Animal protection charity OneKind is warning pet owners across Britain to beware of snares, with hundreds of thousands thought to be set across the country every spring.
The charity’s SnareWatch.org website has recently received a number of reports of dogs and cats caught in the wire traps, with devastating results.
Gary Wright’s cocker spaniel Murphy blundered into a snare set beside a “stink pit” in Flinty Fell woods near Nenthead, Cumbria on Thursday 22nd March, and was tragically killed. The stink pit, containing carcasses of foxes, rabbits and birds, would have been built to attract animals into snares set in branches around it, in the name of predator control.
The forest is close to the Weardale Estate, a large estate managed for driven grouse shooting.
After losing sight of Murphy on the path through the forest, Gary went in search of his dog and found him already dead in the snare, having apparently broken his neck when captured by the wire noose.
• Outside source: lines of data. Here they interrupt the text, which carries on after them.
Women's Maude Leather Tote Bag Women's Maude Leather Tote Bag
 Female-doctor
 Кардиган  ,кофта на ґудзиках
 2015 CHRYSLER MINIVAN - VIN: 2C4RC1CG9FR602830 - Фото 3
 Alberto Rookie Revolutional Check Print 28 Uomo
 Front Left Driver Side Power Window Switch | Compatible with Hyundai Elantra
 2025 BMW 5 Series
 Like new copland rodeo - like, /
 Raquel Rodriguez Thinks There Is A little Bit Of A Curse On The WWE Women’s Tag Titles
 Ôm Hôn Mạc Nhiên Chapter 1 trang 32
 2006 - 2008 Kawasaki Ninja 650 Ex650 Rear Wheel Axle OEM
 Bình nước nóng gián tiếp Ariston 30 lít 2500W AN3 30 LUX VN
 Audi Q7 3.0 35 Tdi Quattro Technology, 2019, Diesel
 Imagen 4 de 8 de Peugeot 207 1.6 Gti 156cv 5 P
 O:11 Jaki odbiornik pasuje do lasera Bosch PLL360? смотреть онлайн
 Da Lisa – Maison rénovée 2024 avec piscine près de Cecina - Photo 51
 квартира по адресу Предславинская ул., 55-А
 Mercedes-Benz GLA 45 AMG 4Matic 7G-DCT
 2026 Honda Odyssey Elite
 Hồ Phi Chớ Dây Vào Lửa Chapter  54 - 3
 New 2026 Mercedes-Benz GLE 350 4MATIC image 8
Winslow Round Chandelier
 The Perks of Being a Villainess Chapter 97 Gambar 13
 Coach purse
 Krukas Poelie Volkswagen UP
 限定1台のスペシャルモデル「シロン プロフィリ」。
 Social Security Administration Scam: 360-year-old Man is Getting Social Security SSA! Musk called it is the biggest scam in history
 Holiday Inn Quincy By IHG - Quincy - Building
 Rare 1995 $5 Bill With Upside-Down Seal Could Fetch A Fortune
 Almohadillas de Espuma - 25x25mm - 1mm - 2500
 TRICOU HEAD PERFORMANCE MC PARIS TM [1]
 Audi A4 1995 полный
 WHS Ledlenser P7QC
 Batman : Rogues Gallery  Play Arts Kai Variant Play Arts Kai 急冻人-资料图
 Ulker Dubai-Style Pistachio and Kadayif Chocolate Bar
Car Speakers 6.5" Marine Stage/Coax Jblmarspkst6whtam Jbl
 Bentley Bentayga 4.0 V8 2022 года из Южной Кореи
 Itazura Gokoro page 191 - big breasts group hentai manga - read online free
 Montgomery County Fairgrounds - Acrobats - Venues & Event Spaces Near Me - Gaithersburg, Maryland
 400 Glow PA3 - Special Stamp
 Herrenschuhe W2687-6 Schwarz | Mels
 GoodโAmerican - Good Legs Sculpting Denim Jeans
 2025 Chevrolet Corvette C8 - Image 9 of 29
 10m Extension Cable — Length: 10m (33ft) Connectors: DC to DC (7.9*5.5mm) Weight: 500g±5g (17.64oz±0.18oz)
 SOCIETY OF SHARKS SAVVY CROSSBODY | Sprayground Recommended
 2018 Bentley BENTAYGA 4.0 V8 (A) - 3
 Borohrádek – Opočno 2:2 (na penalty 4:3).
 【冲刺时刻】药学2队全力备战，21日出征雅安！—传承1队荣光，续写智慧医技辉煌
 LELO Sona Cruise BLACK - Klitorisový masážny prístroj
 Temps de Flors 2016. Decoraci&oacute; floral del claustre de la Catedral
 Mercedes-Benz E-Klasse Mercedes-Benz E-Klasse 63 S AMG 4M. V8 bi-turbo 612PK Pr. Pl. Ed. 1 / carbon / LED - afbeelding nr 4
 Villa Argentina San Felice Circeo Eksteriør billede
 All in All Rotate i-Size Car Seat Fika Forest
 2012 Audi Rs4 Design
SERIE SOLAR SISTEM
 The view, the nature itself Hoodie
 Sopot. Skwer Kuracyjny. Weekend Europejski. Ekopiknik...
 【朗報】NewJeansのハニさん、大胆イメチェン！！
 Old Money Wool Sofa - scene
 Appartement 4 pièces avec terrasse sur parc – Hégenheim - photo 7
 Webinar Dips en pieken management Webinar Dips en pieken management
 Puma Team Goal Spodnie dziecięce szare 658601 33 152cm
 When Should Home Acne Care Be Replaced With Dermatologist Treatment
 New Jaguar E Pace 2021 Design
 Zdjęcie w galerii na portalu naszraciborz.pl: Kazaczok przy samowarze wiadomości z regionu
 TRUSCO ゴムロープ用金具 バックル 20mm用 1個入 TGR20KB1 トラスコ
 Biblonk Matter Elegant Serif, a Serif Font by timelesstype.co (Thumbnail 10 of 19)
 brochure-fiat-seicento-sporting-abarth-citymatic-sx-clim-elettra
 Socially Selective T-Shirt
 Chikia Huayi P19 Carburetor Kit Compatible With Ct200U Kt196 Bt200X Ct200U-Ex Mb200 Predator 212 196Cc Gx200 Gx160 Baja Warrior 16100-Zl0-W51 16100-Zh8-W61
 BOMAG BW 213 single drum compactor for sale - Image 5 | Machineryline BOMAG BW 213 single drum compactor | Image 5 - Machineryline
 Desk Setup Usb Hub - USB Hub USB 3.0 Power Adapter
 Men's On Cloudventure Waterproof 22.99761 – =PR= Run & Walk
The local police investigated the scene the following day and found that the snare had been removed, although others had been left in place nearby.
“Murphy was a young, healthy dog who lost his life on an everyday walk in the forest, because these indiscriminate snares were deliberately set to capture animals. Our other dog, Tess, is missing him sorely.”
PCSO Tony Labram of Cumbria Police said:
“Having taken advice from a police wildlife officer, it appears that these were free-running snares set for foxes, which is legal. Unfortunately, in light of this and the fact that we were unable to examine the snare that killed Murphy, we have not identified any criminal offences to pursue as things stand.”
Libby Anderson, policy advisor to OneKind, commented:
“Snares are primitive wire traps with origins, quite literally, in the Stone Age and it is extraordinary that their use is still permitted in the UK. In spring, the number of snares set in England and Wales soars from around 80,000 to almost a quarter of a million. Because snares are completely indiscriminate, all sorts of non-target animals including protected species, livestock and beloved family pets are put in increased danger.
“Even when used legally, the suffering caused to the target animals – foxes, rabbits and hares – is quite unacceptable.”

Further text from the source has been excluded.